Data extract: Begin

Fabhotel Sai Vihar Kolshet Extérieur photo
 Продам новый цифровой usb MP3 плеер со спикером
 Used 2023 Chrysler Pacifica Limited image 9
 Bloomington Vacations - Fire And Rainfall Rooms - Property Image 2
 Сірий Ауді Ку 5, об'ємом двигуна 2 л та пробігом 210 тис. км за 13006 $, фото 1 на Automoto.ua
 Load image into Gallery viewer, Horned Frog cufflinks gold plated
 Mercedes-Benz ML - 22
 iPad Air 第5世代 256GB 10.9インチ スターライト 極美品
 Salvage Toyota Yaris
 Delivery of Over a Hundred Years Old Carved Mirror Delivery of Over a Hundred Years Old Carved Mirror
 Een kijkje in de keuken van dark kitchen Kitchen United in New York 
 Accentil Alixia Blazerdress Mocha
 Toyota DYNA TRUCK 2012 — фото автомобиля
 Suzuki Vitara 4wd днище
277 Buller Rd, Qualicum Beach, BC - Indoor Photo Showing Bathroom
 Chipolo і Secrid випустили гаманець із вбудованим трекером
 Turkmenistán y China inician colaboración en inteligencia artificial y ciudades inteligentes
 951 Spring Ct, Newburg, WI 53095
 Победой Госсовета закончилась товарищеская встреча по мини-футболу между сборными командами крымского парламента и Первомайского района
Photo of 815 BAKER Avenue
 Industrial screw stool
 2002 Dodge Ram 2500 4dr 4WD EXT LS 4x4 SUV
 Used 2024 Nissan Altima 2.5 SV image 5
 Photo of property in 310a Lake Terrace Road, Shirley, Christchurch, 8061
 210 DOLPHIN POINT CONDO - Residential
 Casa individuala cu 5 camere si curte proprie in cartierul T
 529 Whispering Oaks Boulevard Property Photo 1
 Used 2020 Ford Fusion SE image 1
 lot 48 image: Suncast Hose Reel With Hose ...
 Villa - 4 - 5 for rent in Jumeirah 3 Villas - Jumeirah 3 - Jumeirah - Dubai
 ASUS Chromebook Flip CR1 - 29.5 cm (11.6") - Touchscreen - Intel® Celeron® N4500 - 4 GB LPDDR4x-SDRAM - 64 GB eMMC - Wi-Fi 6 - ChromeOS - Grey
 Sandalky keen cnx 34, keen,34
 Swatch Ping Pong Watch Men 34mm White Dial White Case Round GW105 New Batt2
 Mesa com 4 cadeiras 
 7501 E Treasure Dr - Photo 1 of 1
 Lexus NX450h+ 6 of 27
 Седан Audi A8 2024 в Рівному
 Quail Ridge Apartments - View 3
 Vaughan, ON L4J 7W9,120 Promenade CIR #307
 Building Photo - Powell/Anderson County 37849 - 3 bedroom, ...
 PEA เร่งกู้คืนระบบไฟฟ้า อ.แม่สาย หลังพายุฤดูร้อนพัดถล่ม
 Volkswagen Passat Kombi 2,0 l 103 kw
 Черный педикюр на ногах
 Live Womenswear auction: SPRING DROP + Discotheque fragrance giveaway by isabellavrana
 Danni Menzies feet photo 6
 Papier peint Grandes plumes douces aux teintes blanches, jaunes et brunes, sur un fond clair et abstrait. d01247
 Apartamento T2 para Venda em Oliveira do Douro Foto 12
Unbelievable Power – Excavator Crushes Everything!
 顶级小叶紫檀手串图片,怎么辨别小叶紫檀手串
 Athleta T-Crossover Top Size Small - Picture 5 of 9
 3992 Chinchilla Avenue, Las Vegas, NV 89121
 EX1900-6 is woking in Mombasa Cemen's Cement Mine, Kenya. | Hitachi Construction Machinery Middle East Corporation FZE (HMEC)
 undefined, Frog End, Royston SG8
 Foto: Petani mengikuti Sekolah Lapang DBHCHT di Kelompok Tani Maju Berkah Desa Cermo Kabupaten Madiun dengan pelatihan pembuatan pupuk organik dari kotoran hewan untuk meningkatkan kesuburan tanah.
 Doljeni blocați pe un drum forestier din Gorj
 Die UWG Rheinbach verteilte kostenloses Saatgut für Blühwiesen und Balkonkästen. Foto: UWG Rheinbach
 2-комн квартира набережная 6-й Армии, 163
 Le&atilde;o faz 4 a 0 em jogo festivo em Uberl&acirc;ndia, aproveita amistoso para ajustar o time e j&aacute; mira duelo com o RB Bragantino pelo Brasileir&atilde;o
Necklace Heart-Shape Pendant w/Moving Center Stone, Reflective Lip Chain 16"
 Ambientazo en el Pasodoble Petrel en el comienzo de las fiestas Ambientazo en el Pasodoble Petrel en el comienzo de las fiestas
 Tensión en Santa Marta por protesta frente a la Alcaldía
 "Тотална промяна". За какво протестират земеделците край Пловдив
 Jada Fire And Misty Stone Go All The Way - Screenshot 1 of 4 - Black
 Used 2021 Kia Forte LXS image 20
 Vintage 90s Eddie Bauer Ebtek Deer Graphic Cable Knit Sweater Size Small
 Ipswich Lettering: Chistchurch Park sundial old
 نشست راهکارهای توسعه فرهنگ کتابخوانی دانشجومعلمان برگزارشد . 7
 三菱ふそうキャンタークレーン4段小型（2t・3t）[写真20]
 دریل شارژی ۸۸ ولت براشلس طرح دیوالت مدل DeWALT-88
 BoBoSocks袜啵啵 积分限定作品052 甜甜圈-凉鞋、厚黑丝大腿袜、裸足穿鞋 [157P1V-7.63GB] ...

Data extract: End

### Exercise requirements
Using the data above, print exactly the lines from the line that contains "277 Buller Rd, Qualicum" through the line that contains "Used 2024 Nissan Altima 2.5 SV image 5", with both included.

### Task answer
277 Buller Rd, Qualicum Beach, BC - Indoor Photo Showing Bathroom
 Chipolo і Secrid випустили гаманець із вбудованим трекером
 Turkmenistán y China inician colaboración en inteligencia artificial y ciudades inteligentes
 951 Spring Ct, Newburg, WI 53095
 Победой Госсовета закончилась товарищеская встреча по мини-футболу между сборными командами крымского парламента и Первомайского района
Photo of 815 BAKER Avenue
 Industrial screw stool
 2002 Dodge Ram 2500 4dr 4WD EXT LS 4x4 SUV
 Used 2024 Nissan Altima 2.5 SV image 5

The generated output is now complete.